[[ SOURCE MATERIAL open ]]

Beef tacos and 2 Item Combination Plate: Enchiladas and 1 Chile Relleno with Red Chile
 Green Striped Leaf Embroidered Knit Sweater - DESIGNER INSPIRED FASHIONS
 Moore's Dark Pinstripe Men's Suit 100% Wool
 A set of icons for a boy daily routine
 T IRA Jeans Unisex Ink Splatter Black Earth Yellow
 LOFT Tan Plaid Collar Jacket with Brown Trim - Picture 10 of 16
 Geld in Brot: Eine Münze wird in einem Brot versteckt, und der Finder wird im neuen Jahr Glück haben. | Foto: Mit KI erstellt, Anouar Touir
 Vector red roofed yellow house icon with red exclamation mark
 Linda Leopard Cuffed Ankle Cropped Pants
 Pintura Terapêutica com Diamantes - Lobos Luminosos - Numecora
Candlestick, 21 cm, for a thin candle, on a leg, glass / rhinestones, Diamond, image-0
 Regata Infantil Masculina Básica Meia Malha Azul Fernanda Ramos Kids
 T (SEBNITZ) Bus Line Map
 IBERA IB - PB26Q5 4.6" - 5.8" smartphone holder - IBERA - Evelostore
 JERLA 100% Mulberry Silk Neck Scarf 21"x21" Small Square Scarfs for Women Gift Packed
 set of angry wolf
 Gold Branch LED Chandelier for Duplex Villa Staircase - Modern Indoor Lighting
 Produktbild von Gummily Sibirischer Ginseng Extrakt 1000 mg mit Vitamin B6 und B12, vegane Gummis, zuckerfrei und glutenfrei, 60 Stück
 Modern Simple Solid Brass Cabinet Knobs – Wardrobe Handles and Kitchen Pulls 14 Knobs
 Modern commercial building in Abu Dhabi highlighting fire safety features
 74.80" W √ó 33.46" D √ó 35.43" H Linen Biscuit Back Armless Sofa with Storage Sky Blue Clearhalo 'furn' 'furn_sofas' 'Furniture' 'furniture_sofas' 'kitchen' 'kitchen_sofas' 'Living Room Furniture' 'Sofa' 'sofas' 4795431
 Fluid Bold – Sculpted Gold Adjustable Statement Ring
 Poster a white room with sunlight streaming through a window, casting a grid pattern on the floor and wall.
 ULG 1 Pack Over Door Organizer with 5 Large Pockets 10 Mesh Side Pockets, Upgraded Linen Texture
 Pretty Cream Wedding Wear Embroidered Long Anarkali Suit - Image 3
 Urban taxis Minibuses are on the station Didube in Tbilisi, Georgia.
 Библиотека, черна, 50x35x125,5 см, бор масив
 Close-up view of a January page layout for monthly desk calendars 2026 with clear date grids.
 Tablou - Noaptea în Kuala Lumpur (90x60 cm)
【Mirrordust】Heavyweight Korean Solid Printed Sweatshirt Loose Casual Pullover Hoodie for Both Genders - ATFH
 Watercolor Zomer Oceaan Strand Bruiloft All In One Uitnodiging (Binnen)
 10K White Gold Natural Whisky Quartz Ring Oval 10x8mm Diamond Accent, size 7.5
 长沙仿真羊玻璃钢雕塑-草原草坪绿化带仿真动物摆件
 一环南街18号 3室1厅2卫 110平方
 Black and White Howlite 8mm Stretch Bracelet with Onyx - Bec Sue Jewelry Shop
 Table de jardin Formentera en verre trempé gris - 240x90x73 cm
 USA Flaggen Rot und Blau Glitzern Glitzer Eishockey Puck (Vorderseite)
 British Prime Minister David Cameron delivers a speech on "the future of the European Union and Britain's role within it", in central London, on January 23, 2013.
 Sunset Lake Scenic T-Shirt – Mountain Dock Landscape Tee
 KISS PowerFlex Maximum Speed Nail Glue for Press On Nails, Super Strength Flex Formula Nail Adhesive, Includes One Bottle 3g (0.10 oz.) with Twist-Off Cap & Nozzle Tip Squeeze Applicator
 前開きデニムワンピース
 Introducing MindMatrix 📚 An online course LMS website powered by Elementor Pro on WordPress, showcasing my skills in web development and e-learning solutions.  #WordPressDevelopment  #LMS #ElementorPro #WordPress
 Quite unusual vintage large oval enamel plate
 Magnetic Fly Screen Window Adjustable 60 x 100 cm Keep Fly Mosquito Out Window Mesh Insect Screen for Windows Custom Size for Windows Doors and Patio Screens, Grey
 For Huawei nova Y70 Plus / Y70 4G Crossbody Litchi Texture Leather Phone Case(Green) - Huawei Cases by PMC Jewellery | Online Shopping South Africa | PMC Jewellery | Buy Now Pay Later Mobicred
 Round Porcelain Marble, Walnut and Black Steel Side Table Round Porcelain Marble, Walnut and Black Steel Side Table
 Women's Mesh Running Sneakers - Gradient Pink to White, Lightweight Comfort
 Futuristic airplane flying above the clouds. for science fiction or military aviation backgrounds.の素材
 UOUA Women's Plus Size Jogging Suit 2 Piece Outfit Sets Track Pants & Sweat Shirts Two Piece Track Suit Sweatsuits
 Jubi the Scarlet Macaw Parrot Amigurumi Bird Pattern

[[ SOURCE MATERIAL closed ]]

WHAT YOU SHOULD DO
Reprint exactly the lines above that start at the one with "Pintura Terapêutica com" and end at the one with "Gold Branch LED", keeping both and adding none.

WRITTEN ANSWER
 Pintura Terapêutica com Diamantes - Lobos Luminosos - Numecora
Candlestick, 21 cm, for a thin candle, on a leg, glass / rhinestones, Diamond, image-0
 Regata Infantil Masculina Básica Meia Malha Azul Fernanda Ramos Kids
 T (SEBNITZ) Bus Line Map
 IBERA IB - PB26Q5 4.6" - 5.8" smartphone holder - IBERA - Evelostore
 JERLA 100% Mulberry Silk Neck Scarf 21"x21" Small Square Scarfs for Women Gift Packed
 set of angry wolf
 Gold Branch LED Chandelier for Duplex Villa Staircase - Modern Indoor Lighting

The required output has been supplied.